Construction Brief: Market insights and latest decisions

We briefly review some notable and significant developments currently impacting the industry. This includes two case summaries on issues emanating from the Building Safety Act 2022 (limitation and remediation contribution orders) and a case summary on the impacts of a settlement agreement that fails to address all disputes under the contract.

Optimism in the Construction Sector

In March 2024, it was reported that the UK Construction Sector had returned to growth for the first time since August 2023 after six consecutive months of decline. Civil engineering was the best-performing sector in March with increased work on infrastructure projects and resilient demand in the energy sector. According to the latest S&P global purchasing managers index (PMI) data, the UK construction sector recorded its biggest rise in activity in two years last month. This includes the first rise in house-building since former Prime Minister Liz Truss' mini-budget. Activity in civil engineering, commercial construction and housing all rose. House-building increased for the first time since October 2022, just after Truss' budget plans led to a surge in borrowing costs and a sharp fall in house purchases. There is good reason for optimism in 2024.

Contact: Louis Foscolo


Tomlin Orders and adjudication enforcement proceedings

Dawnvale Café Components Ltd (Dawnvale) v Hylgar Properties Ltd (Hylgar) [24.05.24].
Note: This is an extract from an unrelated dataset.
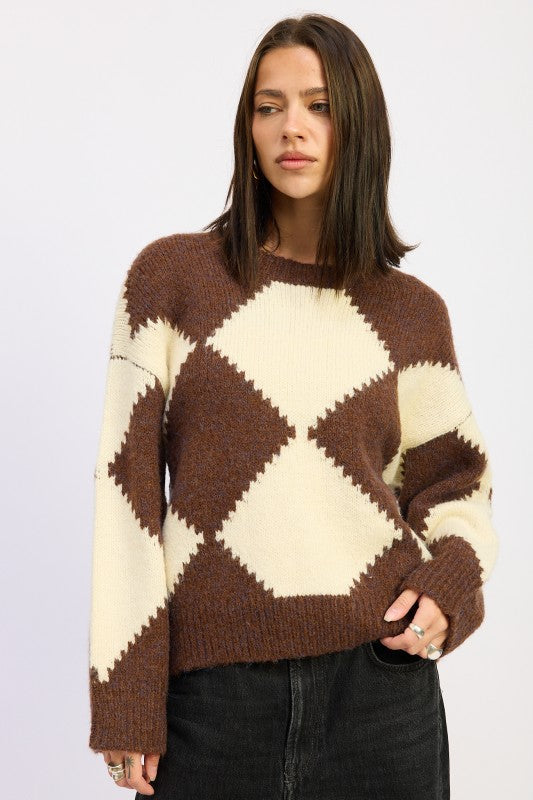 Model wearing brown and cream argyle knit sweater with crew neckline and relaxed fit, styled with black denim.-AVAH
Dawnvale (the Contractor) was a kitchen and bar fit-out company and Hylgar (the Employer) was a property developer. The parties had entered into a contract for the design, supply and installation of mechanical works. Hylgar commenced adjudication proceedings against Dawnvale claiming repudiatory breach and damages against Dawnvale after the contract was terminated. The adjudicator determined that Dawnvale had repudiated the contract and owed Hylgar £180,000 plus VAT. Dawnvale failed to pay, and Hylgar issued enforcement proceedings. By a Tomlin Order, Dawnvale agreed to pay Hylgar a sum of money in settlement of the claim.

Paragraph 4 of the Schedule to the Tomlin Order stated that “the payment of the settlement sum is in full and final settlement of any and all claims the [respondent/Hylgar] may have against the [applicant/Dawnvale] arising from or in connection with these proceedings”. Two years later, Hylgar alleged further losses totalling £641,594.76 arising from the same repudiatory breach and intimated an intention to refer a second claim to adjudication. Dawnvale issued Part 8 proceedings seeking a declaration that the Tomlin Order precluded Hylgar from referring to a second adjudication claim and for an order prohibiting Hylgar from referring the dispute.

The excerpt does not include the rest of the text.